A Bíblia em si não é revelação ou Palavra de Deus em si mesma e não se pode ter a Palavra de Deus guardada na estante. A revelação não é possessão humana, mas de Deus. Não é a avaliação pessoal ou da comunidade que a torna Palavra de Deus, pois ela se torna Palavra de Deus por ação da liberdade da graça, que faz com que o testemunho se torne revelação para o leitor/ouvinte. O receptor original viu e ouviu e disto testemunhou.
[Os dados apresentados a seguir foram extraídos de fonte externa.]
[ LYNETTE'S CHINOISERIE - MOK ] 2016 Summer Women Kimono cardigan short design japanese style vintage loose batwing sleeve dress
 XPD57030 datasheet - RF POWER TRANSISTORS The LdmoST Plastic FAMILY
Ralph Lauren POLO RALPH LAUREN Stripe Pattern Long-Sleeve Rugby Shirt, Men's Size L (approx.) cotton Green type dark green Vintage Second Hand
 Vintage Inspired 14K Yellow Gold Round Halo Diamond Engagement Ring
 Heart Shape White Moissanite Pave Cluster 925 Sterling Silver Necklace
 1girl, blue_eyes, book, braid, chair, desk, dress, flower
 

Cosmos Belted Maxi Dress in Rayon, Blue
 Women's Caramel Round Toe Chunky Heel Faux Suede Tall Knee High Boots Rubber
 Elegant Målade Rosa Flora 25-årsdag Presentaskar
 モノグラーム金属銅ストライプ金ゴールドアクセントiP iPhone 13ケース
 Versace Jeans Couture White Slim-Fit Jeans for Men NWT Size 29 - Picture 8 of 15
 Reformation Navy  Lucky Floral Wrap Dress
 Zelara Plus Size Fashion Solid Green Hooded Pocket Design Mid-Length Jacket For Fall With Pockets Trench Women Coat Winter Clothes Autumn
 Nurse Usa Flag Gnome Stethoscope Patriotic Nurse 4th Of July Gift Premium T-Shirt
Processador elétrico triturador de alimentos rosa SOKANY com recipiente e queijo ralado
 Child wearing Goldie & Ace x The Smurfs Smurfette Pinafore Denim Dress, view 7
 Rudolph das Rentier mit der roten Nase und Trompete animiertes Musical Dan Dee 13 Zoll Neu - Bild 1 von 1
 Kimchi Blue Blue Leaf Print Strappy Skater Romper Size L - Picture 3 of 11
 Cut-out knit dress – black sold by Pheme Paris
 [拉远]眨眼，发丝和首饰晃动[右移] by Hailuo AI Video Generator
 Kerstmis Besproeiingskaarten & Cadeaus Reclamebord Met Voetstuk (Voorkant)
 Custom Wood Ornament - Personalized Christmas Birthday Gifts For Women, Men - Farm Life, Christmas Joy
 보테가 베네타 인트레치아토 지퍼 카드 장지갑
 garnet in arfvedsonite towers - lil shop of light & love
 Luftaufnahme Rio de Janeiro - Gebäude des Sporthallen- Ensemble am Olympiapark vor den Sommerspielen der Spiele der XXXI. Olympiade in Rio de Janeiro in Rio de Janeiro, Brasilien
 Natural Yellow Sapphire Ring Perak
A Palavra de Deus não é objeto, mas evento. Não é estática, mas dinâmica. Não é passado, mas atualizada cada vez que a lemos. Ela é viva e eficaz. Ela se torna Palavra quando temos com ela uma experiência em que se torna vivida por nós.

Barth vê a Bíblia como coleção de textos humanos. O divino nas Escrituras não anula as características humanas, inclusive a falibilidade de seus escritores. Diferentemente da abordagem conservadora, Barth entende que os escritores bíblicos não distinguiam história de lendas ou sagas como fazemos modernamente. Devemos nos colocar diante desses textos crendo na Palavra de Deus que dela pode emergir. Este ministério é a ação do Espírito Santo fazendo com que o texto tenha aplicabilidade e vivência na vida dos leitores/ouvintes.

Este posicionamento é, a meu ver, muito mais rico e dependente da graça de Deus. Cada vez que me acerco ao texto, oro e espero que ele seja experiencial na minha vida e quando isto acontece, a Palavra de Deus se somatiza na minha vida. Não fico discutindo o sentido exato, mas, como diria um dos pioneiros da anabatismo, Hans Denk, “Ninguém pode conhecer verdadeiramente a Cristo, se não seguí-Lo durante a vida”.